Start at the first line of the listing below. Write out each line exactly, stopping after the one that contains "Second, note that".

---*---

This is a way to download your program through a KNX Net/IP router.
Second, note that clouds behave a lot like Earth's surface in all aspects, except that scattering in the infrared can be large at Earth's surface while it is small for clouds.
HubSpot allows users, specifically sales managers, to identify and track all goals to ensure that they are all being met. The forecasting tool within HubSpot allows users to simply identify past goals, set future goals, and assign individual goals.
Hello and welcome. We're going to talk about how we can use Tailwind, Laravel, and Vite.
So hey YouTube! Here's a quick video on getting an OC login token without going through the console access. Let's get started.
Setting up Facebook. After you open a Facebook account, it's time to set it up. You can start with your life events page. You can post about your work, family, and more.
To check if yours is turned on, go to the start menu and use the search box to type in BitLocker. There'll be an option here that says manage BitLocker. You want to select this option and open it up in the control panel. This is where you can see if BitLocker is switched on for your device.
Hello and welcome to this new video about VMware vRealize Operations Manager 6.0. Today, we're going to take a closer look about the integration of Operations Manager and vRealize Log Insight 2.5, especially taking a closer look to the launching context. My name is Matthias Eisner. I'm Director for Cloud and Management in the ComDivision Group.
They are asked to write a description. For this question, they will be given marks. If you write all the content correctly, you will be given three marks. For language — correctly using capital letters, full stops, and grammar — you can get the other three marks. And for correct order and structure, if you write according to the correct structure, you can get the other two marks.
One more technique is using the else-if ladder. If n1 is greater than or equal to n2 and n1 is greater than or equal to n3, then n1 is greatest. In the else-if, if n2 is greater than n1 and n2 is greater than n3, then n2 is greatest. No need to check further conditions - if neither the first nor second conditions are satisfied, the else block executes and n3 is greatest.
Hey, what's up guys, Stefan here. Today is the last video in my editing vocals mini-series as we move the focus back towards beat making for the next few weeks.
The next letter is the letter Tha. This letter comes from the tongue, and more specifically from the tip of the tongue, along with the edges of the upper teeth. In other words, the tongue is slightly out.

---*---

* **Answer to this task**
This is a way to download your program through a KNX Net/IP router.
Second, note that clouds behave a lot like Earth's surface in all aspects, except that scattering in the infrared can be large at Earth's surface while it is small for clouds.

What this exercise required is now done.